You just can’t be throwing the ball to the other team nineteen times, particularly when the team’s overall margin for error is thin to say the least.
The Ravens are limited offensively. That means the quarterback – more than anyone – has to engineer the team in the safest, most reliable method possible. Turning the ball over a total of 21 times yourself — that’s NOT a recipe for reliability.
Tom Brady has Julian Edelman and three or four other guys none of us even knew existed and he’s working on a 4,200 yard season with 24 TD’s and 10 INT’s. Yes, I know it’s dangerous to put the words Brady and Flacco in the same sentence from a comparison standpoint, but you don’t see “Tommy” have a stinker of a regular season — ever.
There’s always the argument of the difference between the most “valuable” player and the most “outstanding” player. In this case, specifically, Flacco hasn’t been either. The Ravens are 8-7. In at least four of those losses, the quarterback’s play was a contributing factor. He didn’t “lose” the games, per se, but he wasn’t good enough, either.
It’s possible to be 8-7 through 15 games and have your quarterback be the team MVP. Philip Rivers (4200 yards, 29 TD’s, 10 INT’s) is clearly the MVP of the Chargers, whether they make the playoffs on Sunday or come up a game short.

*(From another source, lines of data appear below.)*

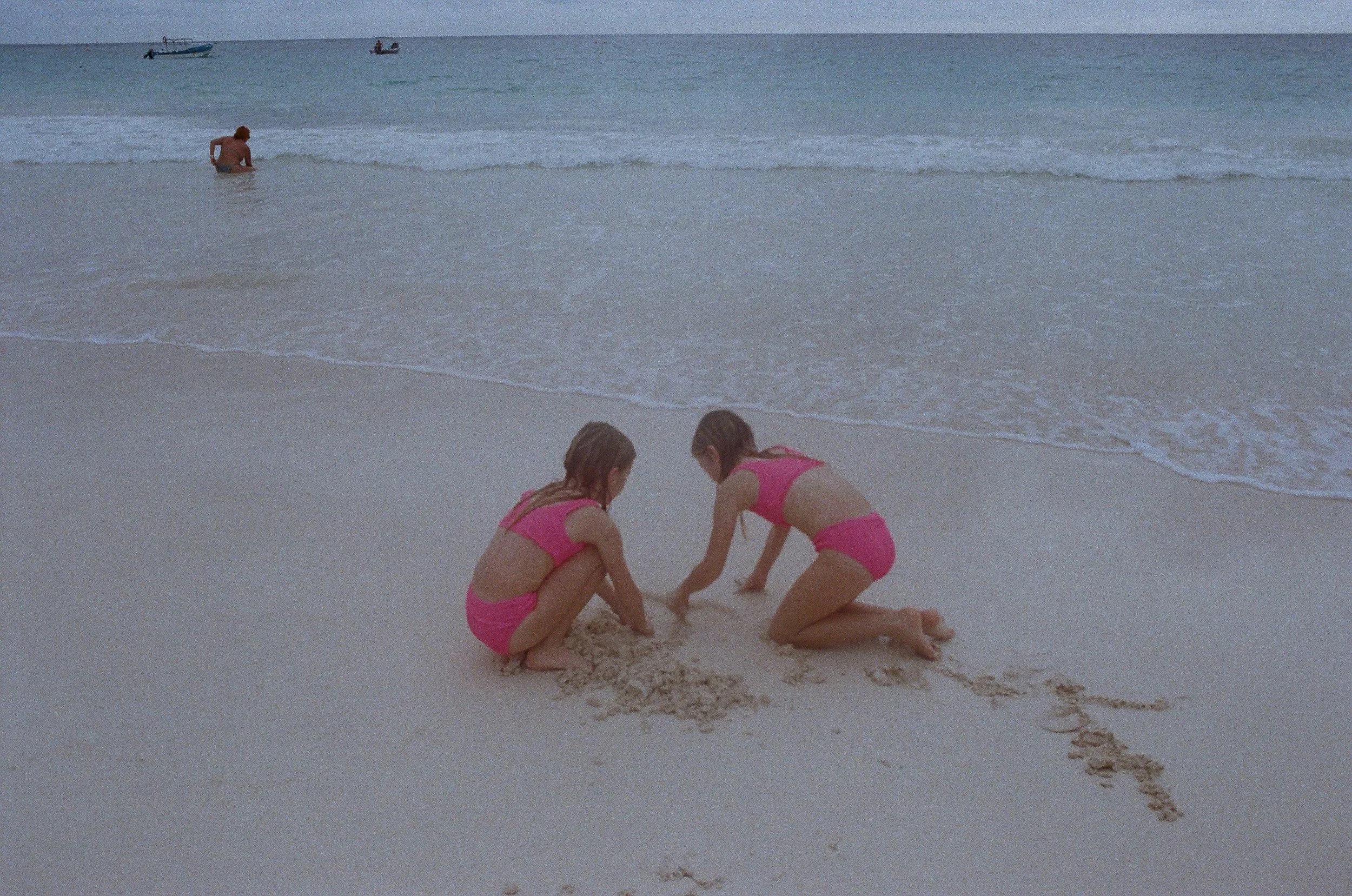Leonardo Reyna photography Two young girls in pink swimsuits 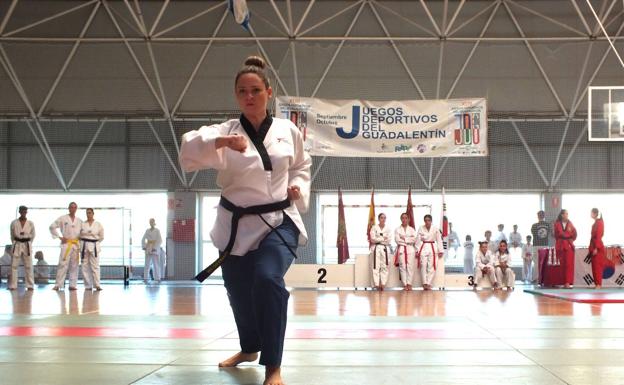 Setenta luchadores se disputan el campeonato de taekwondo de los Juegos Deportivos del Guadalentín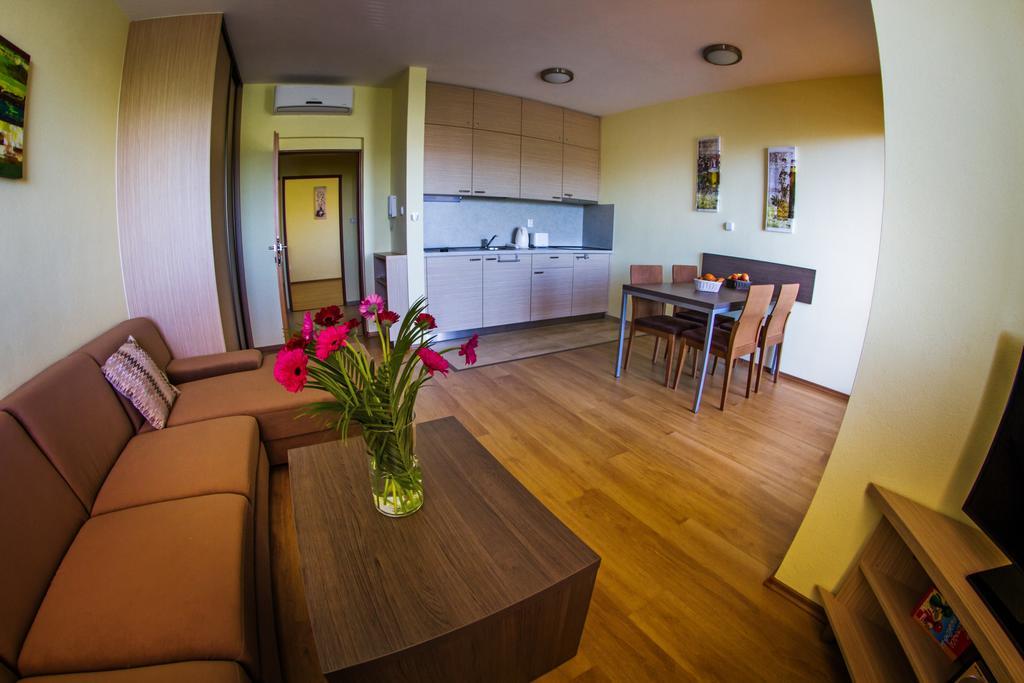 Vendelin Apartmany ボイニツェ エクステリア 写真
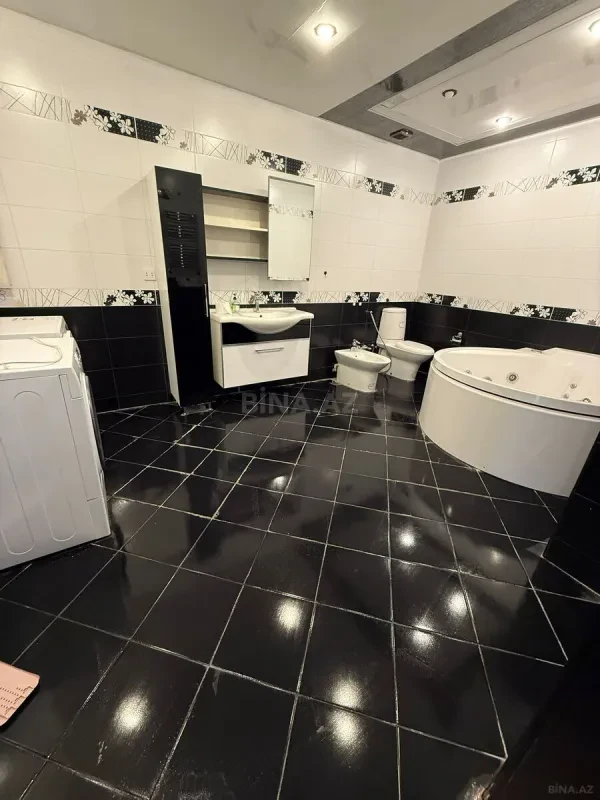 Kirayə verilir 3 otaqlı mənzil 145 m²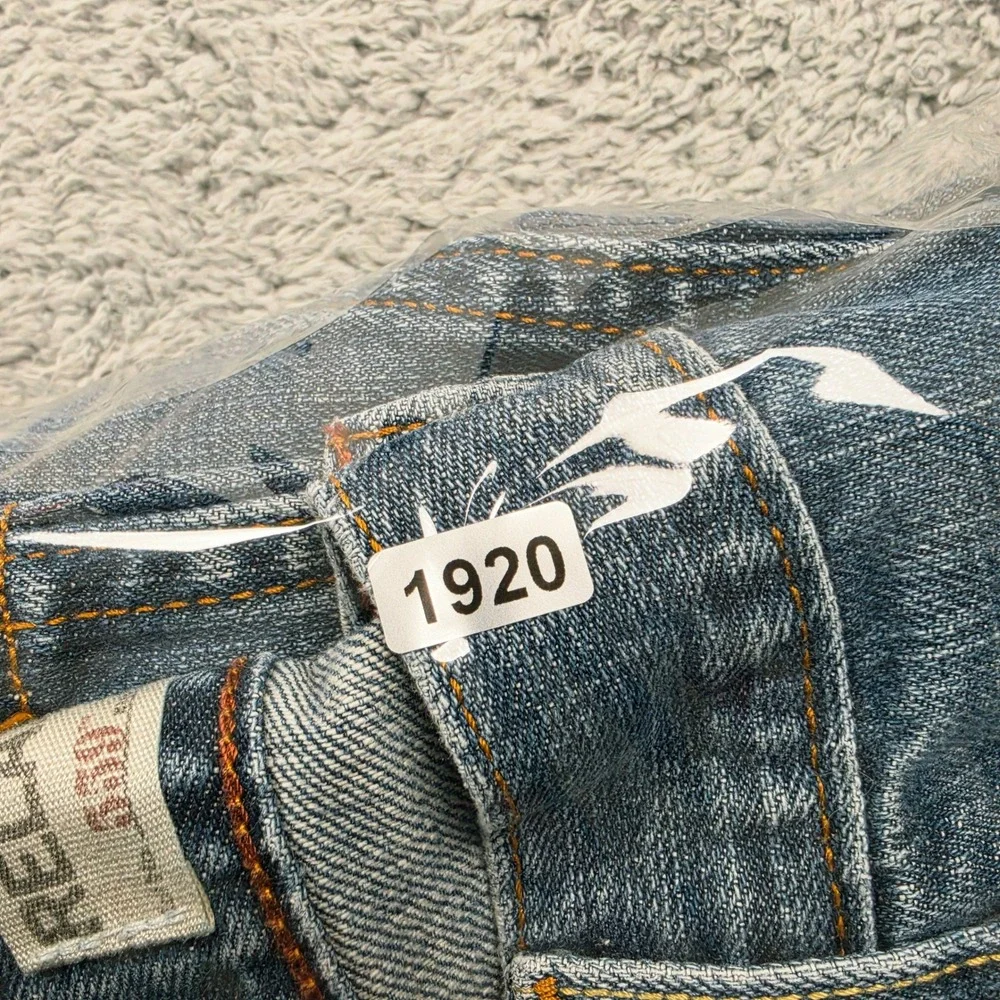 Levis 559 Relaxed Straight Jeans Mens 36x32 Blue Medium Wash Denim Cotton Casual
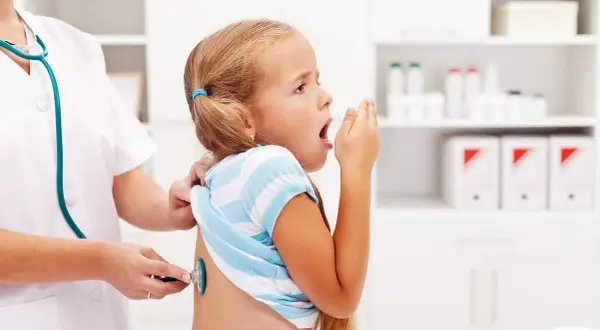 Jak oklepywać dziecko po inhalacji: skuteczna technika i porady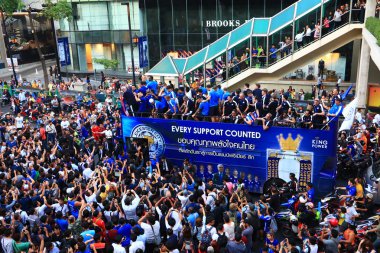 Bangkok, Tayland - 19 Mayıs 2016: Leicester City ulaşması Bangkok'ta kahramanlar hoş geldiniz Sukhumvit Road üzerinde 19 Mayıs 2016 yılında. Leicester City's Premier Ligi başlık kutlamalar sokağa Bangkok, Tayland.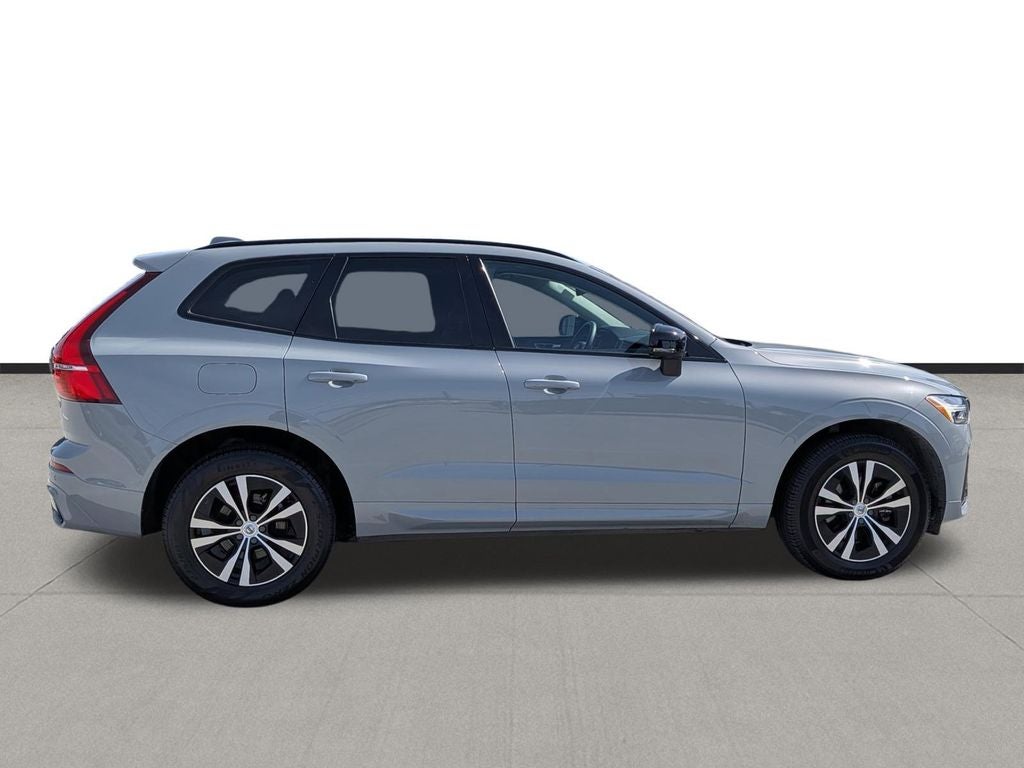2024 Volvo XC60 B5 Core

In the Ravens’ case, there’s no way a quarterback with 18 TD’s and 19 INT’s (plus two fumbles lost) is the most “valuable” player on this season’s 8-7 squad.
Honestly, I don’t think Flacco is in my top 3 for MVP voting. I’d put Jimmy Smith and, of course, Tucker ahead of him.
Now — let’s also quell any whispers or shouts from the peanut gallery about Joe Flacco’s status in Baltimore. This “average at best” season for Flacco doesn’t mean Ozzie Newsome made the wrong call in paying his Super Bowl MVP last March.
Players of all makes and models have “off years”. I don’t think Terrell Suggs has had a particularly great season, honestly. I’d consider it somewhat of an off-year for him, even though he’s been much better in run support than in season’s past. As I always like to remind everyone, “the other team tries too.” So, just because Flacco and the offense have sputtered in 2013, there’s no reason to think ’14 can’t be an improvement with some upgrades on the line and in the pass catching department.
And better play from #5.
Joe Flacco is a very good quarterback.
He just hasn’t had a very good season in 2013.
Which, more than anything else, is why a kicker won the team’s MVP award yesterday.